An average-α-spanning tree (denoted by avg-α-ST) is a spanning tree with the relaxed condition that incident edges to all points lie in wedges with average angle α. An average-α-minimum spanning tree (avg-α-MST) is an α-ST with minimum total edge length. We first focus on α = 2π/3. Let A(α) be the smallest ratio of the length of the avg-α-MST to the length of the standard MST, over all sets of points in the plane. Biniaz, Bose, Lubiw, and Maheshwari (Algorithmica 2022) showed that 4/3 ≤ A(2π/3) ≤ 3/2. We improve the upper bound and show that A(2π/3) ≤ 13/9.

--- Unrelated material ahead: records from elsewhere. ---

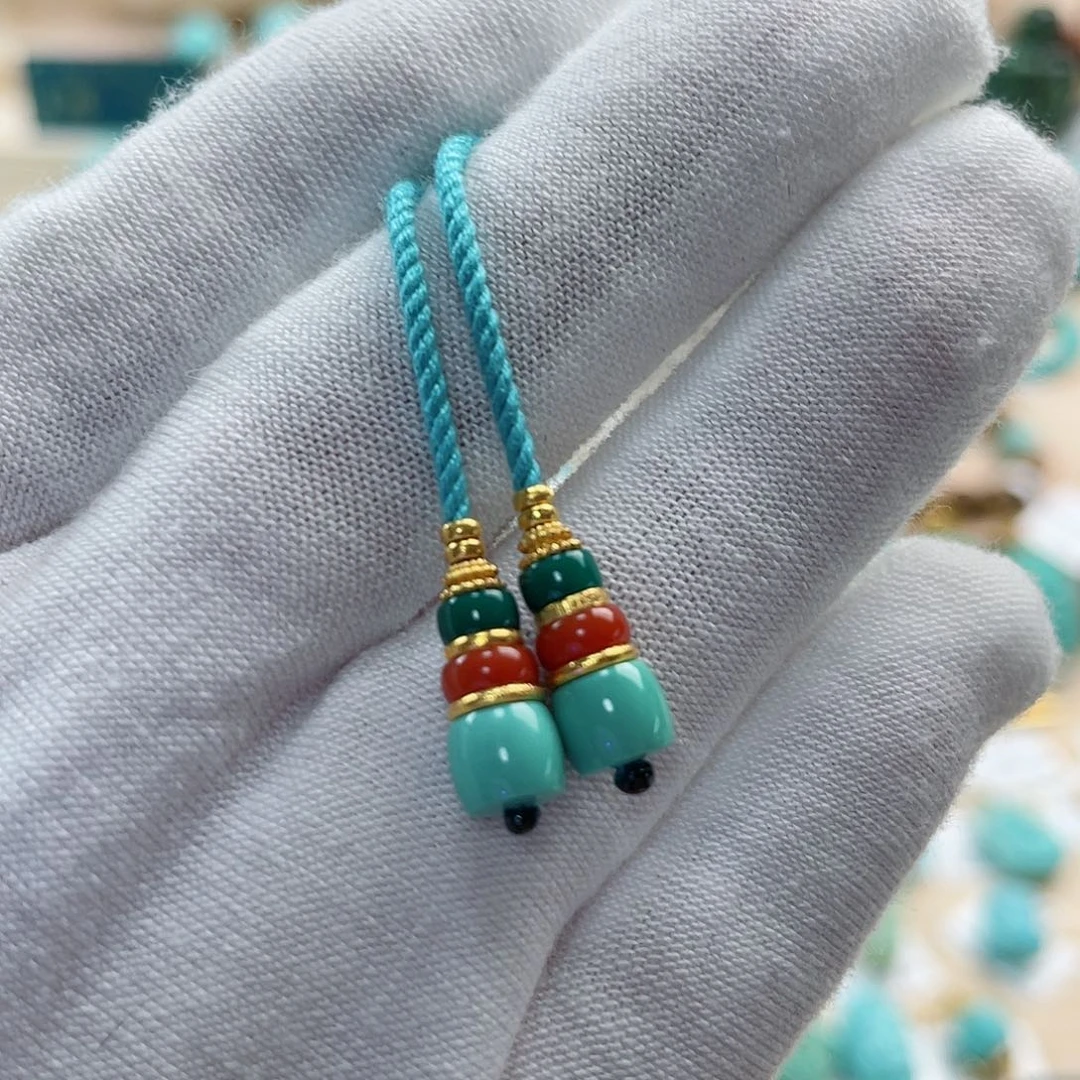 绿松石珠宝奇石18K金镶嵌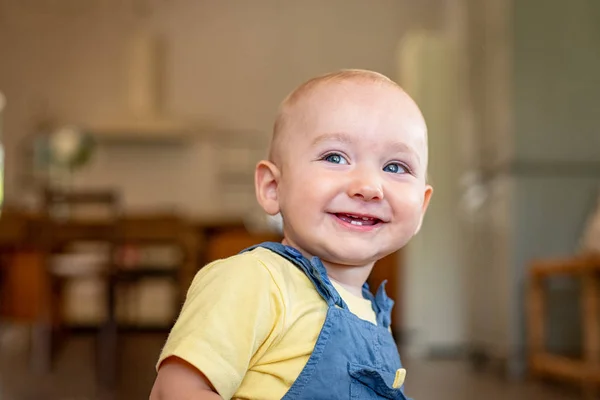 Schattig peuter jongen glimlachen — Stockfoto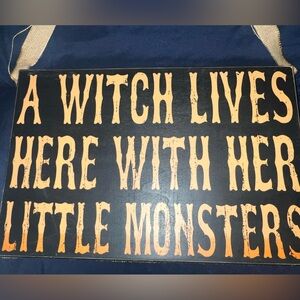 Halloween sign decor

We then generalize the lower bound argument of Biniaz et al. (Algorithmica 2022) for A(2π/3) to a formula giving a lower bound on A(α) for any α ≤π. We further show how to modify the algorithm of Biniaz et al. (Algorithmica 2022) for the avg-2π/3-MST to compute the avg-π-MST, and show that A(π) = 1. Finally, we present an algorithm to compute the avg-π/2-MST, and show that 3/2 ≤ A(π/2) ≤4.

 

Keywords: minimum spanning tree (MST), bounded angle MST, approximation algorithm, wireless communication networks, antennas, Euclidean graph

Internal Reader: Dr. Asish Mukhopadhyay    

External Reader: Dr. Adrian Zahariuc

Advisor: Dr. Ahmad Biniaz, Dr. Prosenjit Bose

Chair: Dr. Jessica Chen